§ BRIEF
Return the entries in full, exactly as written.

====== DATA PROVIDED ======

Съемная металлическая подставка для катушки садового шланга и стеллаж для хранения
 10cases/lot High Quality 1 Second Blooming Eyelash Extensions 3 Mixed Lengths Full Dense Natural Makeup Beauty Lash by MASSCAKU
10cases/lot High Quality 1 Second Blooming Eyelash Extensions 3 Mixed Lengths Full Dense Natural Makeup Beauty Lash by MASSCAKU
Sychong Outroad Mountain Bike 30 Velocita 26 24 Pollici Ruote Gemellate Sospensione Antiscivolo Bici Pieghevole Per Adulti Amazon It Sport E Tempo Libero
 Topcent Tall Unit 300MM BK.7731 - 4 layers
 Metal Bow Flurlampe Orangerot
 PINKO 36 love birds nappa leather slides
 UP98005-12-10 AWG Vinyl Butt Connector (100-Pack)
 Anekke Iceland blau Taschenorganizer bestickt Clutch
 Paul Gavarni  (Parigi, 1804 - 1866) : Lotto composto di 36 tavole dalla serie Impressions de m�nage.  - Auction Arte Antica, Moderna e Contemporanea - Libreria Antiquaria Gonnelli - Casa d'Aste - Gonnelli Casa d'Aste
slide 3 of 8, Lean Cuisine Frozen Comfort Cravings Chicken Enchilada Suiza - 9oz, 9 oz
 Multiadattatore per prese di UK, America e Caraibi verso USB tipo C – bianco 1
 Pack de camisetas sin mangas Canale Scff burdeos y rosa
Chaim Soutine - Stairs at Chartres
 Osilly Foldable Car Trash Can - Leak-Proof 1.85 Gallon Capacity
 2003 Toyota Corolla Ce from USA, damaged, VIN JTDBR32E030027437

======

§ RESULT
Съемная металлическая подставка для катушки садового шланга и стеллаж для хранения
 10cases/lot High Quality 1 Second Blooming Eyelash Extensions 3 Mixed Lengths Full Dense Natural Makeup Beauty Lash by MASSCAKU
10cases/lot High Quality 1 Second Blooming Eyelash Extensions 3 Mixed Lengths Full Dense Natural Makeup Beauty Lash by MASSCAKU
Sychong Outroad Mountain Bike 30 Velocita 26 24 Pollici Ruote Gemellate Sospensione Antiscivolo Bici Pieghevole Per Adulti Amazon It Sport E Tempo Libero
 Topcent Tall Unit 300MM BK.7731 - 4 layers
 Metal Bow Flurlampe Orangerot
 PINKO 36 love birds nappa leather slides
 UP98005-12-10 AWG Vinyl Butt Connector (100-Pack)
 Anekke Iceland blau Taschenorganizer bestickt Clutch
 Paul Gavarni  (Parigi, 1804 - 1866) : Lotto composto di 36 tavole dalla serie Impressions de m�nage.  - Auction Arte Antica, Moderna e Contemporanea - Libreria Antiquaria Gonnelli - Casa d'Aste - Gonnelli Casa d'Aste
slide 3 of 8, Lean Cuisine Frozen Comfort Cravings Chicken Enchilada Suiza - 9oz, 9 oz
 Multiadattatore per prese di UK, America e Caraibi verso USB tipo C – bianco 1
 Pack de camisetas sin mangas Canale Scff burdeos y rosa
Chaim Soutine - Stairs at Chartres
 Osilly Foldable Car Trash Can - Leak-Proof 1.85 Gallon Capacity
 2003 Toyota Corolla Ce from USA, damaged, VIN JTDBR32E030027437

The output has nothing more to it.